Federal Reserve Chairman Jerome Powell arrives to testify during the Senate Banking, Housing and Urban Affairs Committee hearing on Tuesday. (Tom Williams/CQ Roll Call)

Hot inflation data could lead the Federal Reserve to raise interest rates to higher levels and at an accelerated pace, Federal Reserve Chairman Jerome Powell told the Senate Banking Committee on Tuesday.

“Although inflation has been moderating in recent months, the process of getting inflation back down to 2 percent has a long way to go and is likely to be bumpy,” Powell said in his opening statement. “As I mentioned, the latest economic data have come in stronger than expected, which suggests that the ultimate level of interest rates is likely to be higher than previously anticipated. If the totality of the data were to indicate that faster tightening is warranted, we would be prepared to increase the pace of rate hikes.”

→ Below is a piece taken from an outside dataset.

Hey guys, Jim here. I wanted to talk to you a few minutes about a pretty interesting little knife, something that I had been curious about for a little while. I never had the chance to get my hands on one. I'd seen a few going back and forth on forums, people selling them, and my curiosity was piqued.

Powell said that some consumer spending in January may have been higher because of relatively warm weather, but “the breadth of the reversal, along with revisions to the previous quarter, suggests that inflationary pressures are running higher than expected at the time of our previous [Federal Open Market Committee] meeting.”

Sen. Mark Warner, D-Va., asked Powell about the potential risks to the financial system from the large amount of vacant commercial office space as part of the hybrid work transition coming out of the COVID-19 pandemic.

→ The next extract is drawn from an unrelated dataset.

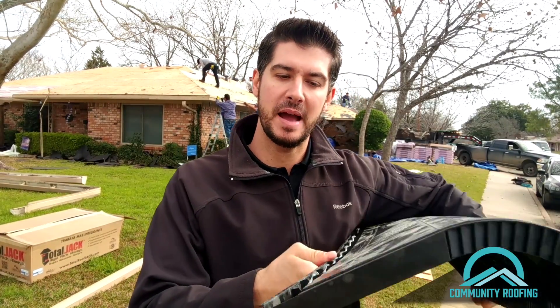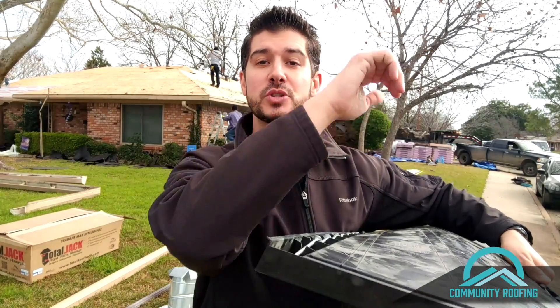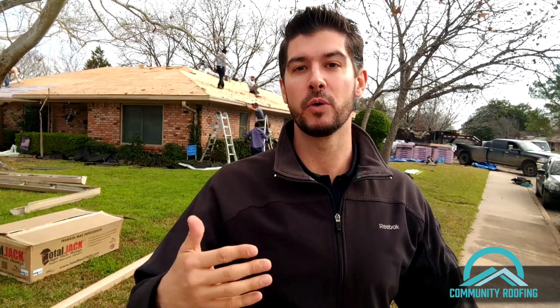Without an external baffle, the wind turns your exhaust vent into an intake and defeats the whole purpose. But if it has this external baffle, it trips up the wind, creates a negative air pocket, and actually continues to pull air out. Therefore the wind starts working for you, helping in quicker ventilation of your attic instead of working against you.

“The occupancy of office space in many major cities is just remarkably low, and you wonder how that can be,” Powell said. “Over time, some of that’s going to be made into condominiums and things like that, since we don’t seem to have quite enough housing in some places, but the question is what’s the financial stability risk?”

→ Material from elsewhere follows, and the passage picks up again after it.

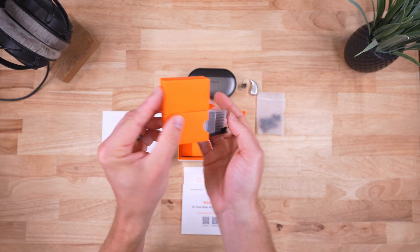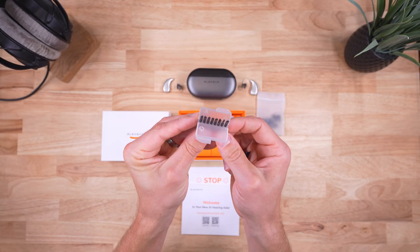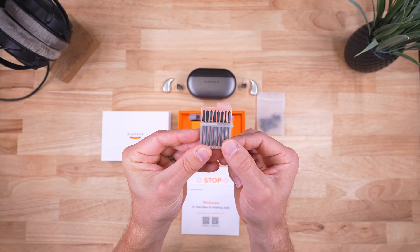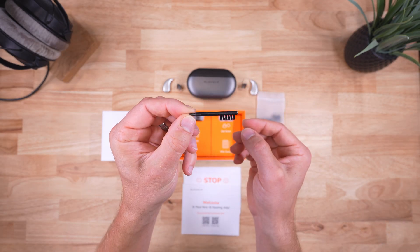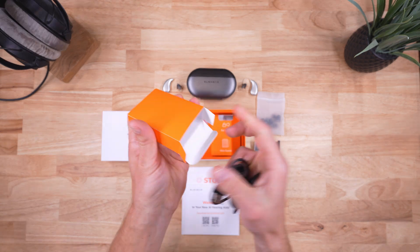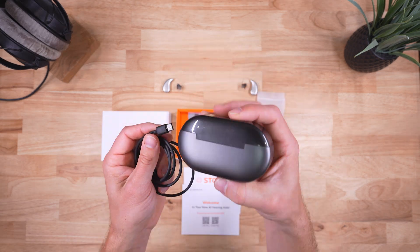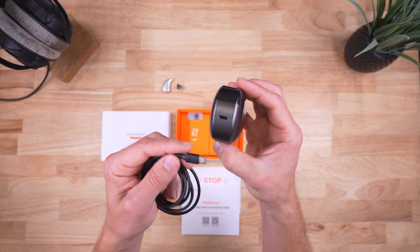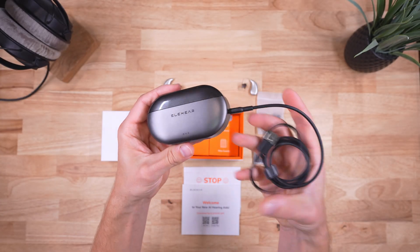Be sure to use the ElePro feature, which we will talk about in just a moment. There are also wax filters — if you're not familiar with them, be sure to reference the user manual. This is a multi-use cleaning tool. On the other side, we have a USB-C to USB-A cable. Mine did not come with a standard wall plug, so you'll have to either purchase one or grab one from elsewhere, but the USB-C end just goes into the side of the case.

Powell said that a lot of large financial institutions had limited exposure.

“We agree that that’s an area that requires a lot of monitoring,” Powell said, noting that some smaller banks have significant exposure in the commercial real estate business, perhaps more than the large banks. “I’d say we’re on the case.”

Powell also backed the idea of adopting the “same activity, same regulation” model for regulation of both banks and nonbanks, including with cryptocurrencies.

“People are going to assume, when they deal with something that looks like a money market fund, that it has the same regulations as a money market fund or a bank deposit,” Powell said. “Stablecoins need some attention in that respect. I just think that’s the basic principle.”

A significant chunk of the committee’s questioning was about how ongoing interest rate increases would lead to higher unemployment, with different approaches to the issue coming from Republican Sen. John Kennedy of Louisiana and Democratic Sen. Elizabeth Warren of Massachusetts.

“I’m not being critical — when you’re slowing the economy, you’re trying to put people out of work. That’s your job, is it not?” asked Kennedy.

“Not really. We’re trying to restore price stability,” Powell said, adding that an increase in job openings could also show the needed realignment in labor supply and demand.

Debt limit discussion

Sen. Bob Menendez, D-N.J., after highlighting his call for President Joe Biden to nominate a qualified Latino candidate to join the Board of Governors of the Federal Reserve, asked Powell about the potential economic effects of not raising the debt limit.

“I’m getting a sense of déjà vu because once again, Republicans are recklessly demanding draconian spending cuts to programs that hardworking U.S. families rely on, in exchange for allowing the Treasury Department to pay for spending that Congress, including most of them, had already voted to authorize,” Menendez said.

“These are really matters between the executive branch and Congress,” Powell said. “We do not seek to play a role in these policy issues, but at the end of the day there’s only one solution to this problem … Congress really needs to raise to raise the debt ceiling. That’s the only way out in a timely way that allows us to pay all of our bills.”